In the entries that follow, find the line containing "Hi everyone. In"; from there, copy every line exactly through the line containing "Let's talk about".

DATA:
════════════════

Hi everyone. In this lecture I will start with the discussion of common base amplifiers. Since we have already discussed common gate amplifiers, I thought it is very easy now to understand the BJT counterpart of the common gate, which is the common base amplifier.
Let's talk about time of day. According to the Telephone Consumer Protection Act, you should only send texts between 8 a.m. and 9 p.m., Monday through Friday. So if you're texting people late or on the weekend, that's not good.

════════════════

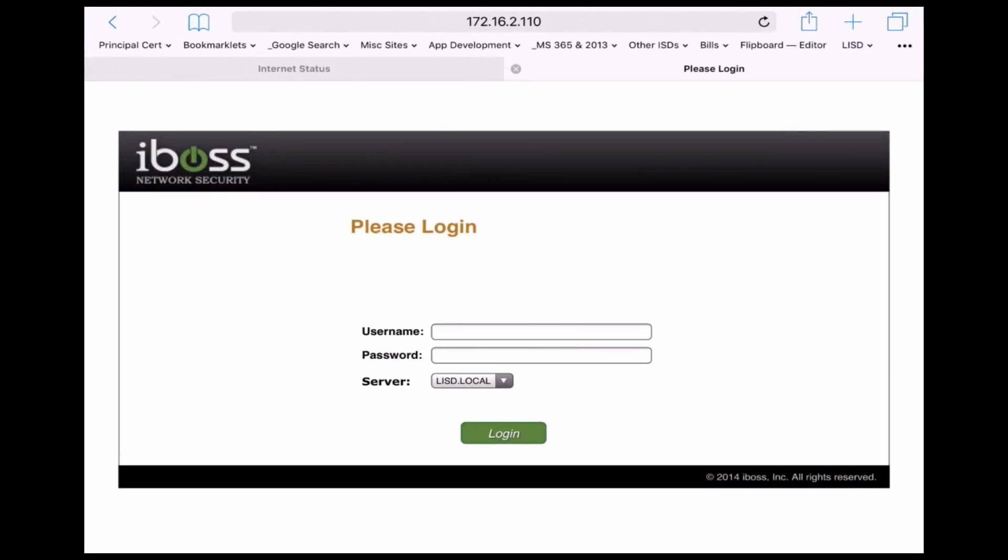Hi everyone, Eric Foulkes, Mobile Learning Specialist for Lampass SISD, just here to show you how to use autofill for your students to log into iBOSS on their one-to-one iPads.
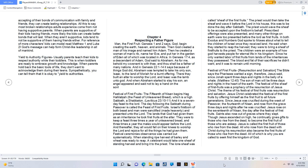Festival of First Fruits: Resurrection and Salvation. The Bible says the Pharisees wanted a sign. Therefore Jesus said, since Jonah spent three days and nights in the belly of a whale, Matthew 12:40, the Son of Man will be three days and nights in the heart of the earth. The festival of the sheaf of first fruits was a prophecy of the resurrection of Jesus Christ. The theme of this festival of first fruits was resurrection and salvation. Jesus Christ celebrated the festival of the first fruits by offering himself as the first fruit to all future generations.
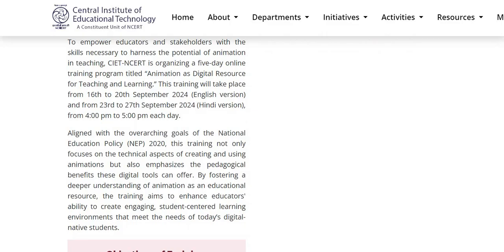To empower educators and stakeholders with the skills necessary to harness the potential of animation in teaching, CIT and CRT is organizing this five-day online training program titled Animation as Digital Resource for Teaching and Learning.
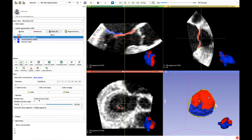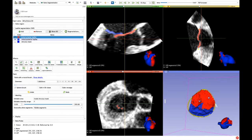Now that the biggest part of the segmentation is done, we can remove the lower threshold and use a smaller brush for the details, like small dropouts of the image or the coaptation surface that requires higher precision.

════════════════

OUTPUT BELOW:
Hi everyone. In this lecture I will start with the discussion of common base amplifiers. Since we have already discussed common gate amplifiers, I thought it is very easy now to understand the BJT counterpart of the common gate, which is the common base amplifier.
Let's talk about time of day. According to the Telephone Consumer Protection Act, you should only send texts between 8 a.m. and 9 p.m., Monday through Friday. So if you're texting people late or on the weekend, that's not good.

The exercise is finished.